Still, the focus placed on welcoming RIAs into the options fold sent an equally strong message that advisors are viewed as an increasingly important segment of the market by the market makers themselves.
“We’re really just getting started with options in the RIA community,” said Jeff Chiappetta, managing director of Institutional Trading and Fixed Income at TD Ameritrade Institutional, in a panel on the new generation of markets. “Retail investors are so much smarter than they were 10 years ago. Those people are challenging their advisors to use products like covered call spreads.”
But as RIAs flock to this alternative marketplace, gaining a foothold can be tricky.
While it’s true that clients are demanding high rewards along with low risk in this yield-impoverished economic environment, advisors face a big uphill climb in learning about how options can be used as a portfolio hedge.
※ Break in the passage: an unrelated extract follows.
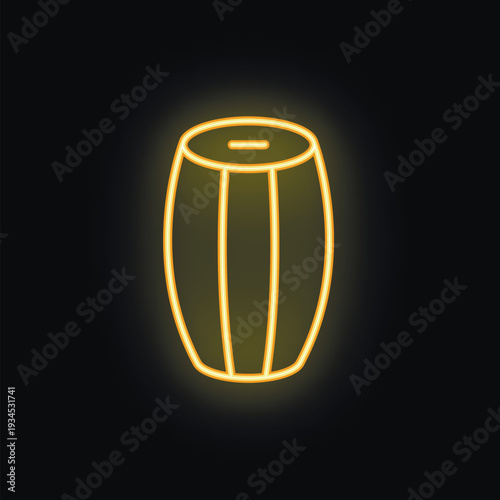 Neon sign representing a wooden barrel, glowing yellow on a black background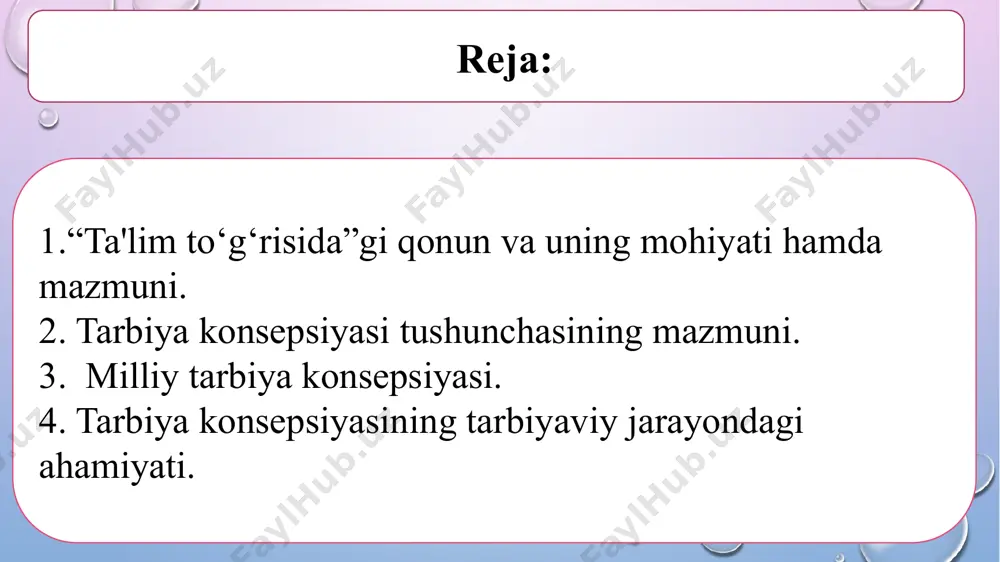 lgan davr); ikkinchi bosqich — maktabgacha ta’lim 3 — 6 (7) yoshgacha bo‘lgan davr; uchinchi bosqich — umumiy o‘rta ta’lim tizimida (ikki davr asosida: birinchi davr — 7 (6) — 10 yosh boshlang‘ich sinf, ikkinchi davr — 11 — 17 yosh o‘rta va yuqori sinflar); uzluksiz ma’naviy tarbiya konsepsiyasi quyidagi bosqichlarni qamrab oladi: to‘rtinchi bosqich — ishlab chiqarishda faoliyat ko‘rsatayotgan va band bo‘lmagan yoshlar, shuningdek, o‘rta maxsus kasb-hunar va oliy ta’lim muassasalari tizimida (ikki davr asosida: birinchi davr — o‘rta maxsus kasb-hunar va oliy ta’lim bilan qamrab olinmagan, shuningdek, ishlab chiqarishda faoliyat ko‘rsatayotgan va band bo‘lmagan yoshlar — 17 — 30 yosh, ikkinchi davr — o‘rta maxsus kasb-hunar, oliy ta’lim muassasalarining o‘quvchi-talabalari 15 — 22 (24) yosh). umumiy o‘rta ta’lim muassasalarida i — xi sinflar uchun “odobnoma” , “vatan tuyg‘usi”, “milliy istiqlol g‘oyasi va ma’naviyat asoslari”, “dinlar tarixi” fanlarini birlashtirgan holda “tarbiya” fanini joriy qilish. e’tiboringiz uchun rahmat! image3.png image2.png …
The challenge comes not just from understanding which options products are best from a risk management standpoint, but also from gaining liquidity in a marketplace that has seen a proliferation of trading venues in recent years.
Growth of U.S. options exchanges has exploded over the last few years, with the number of venues for trading equity options expected to double from six in 2008 to 12 within the next year.
“All of these venues are jostling for a share of the market at a time when total volume has been shrinking,” writes Rachel Koning Beals in Futures Industry magazine’s September issue.
Indeed, options volume has seen a huge decrease. Cleared options contract volume plummeted 43% in August to 313.8 million contracts this year compared with 554.8 million contracts at this time a year ago, according to the Options Clearing Corp. (The OIC notes, however, that although options volume dipped in August, it is still the second highest August on record, after last August, which was the all-time highest monthly volume recorded. This August marked the 24th consecutive month the options industry has recorded at least 300 million contracts in trading volume.)
Confusion About Liquidity
Meanwhile, there’s some confusion among advisors about where they can find liquidity in these increasingly fragmented exchanges, Chiappetta noted, adding that new technology and increased regulation have added another level of complexity to the options market.
Joanne Draper, managing director of equity and options trading at Schwab Advisor Services, said that because RIAs are fiduciaries, and not speculators, their interest in investing in options comes from a desire to find basic hedging strategies.
RIAs also tend to avoid frequent trades because they are cost-sensitive on their clients’ part, Draper noted. And, she said, they typically stay away from new and trendy products such as weeklys while gravitating more toward tried and tested products such as S&P 500 SPX Index Options.
“RIAs are conservative, risk-averse investors,” Draper said, adding that many RIAs who want to use more complicated strategies may sub them out.
Chiappetta agreed, saying, “Even if they’re sophisticated, RIAs may sub out work to managers who do options overlays because advisors want to spend their time talking to clients and not trading all day.”
After the panel, Eric Cott, the Options Industry Council’s director of financial advisor education, stressed that options are a sound risk management tool, but that continuing education is essential for advisors who want to keep abreast of the options market.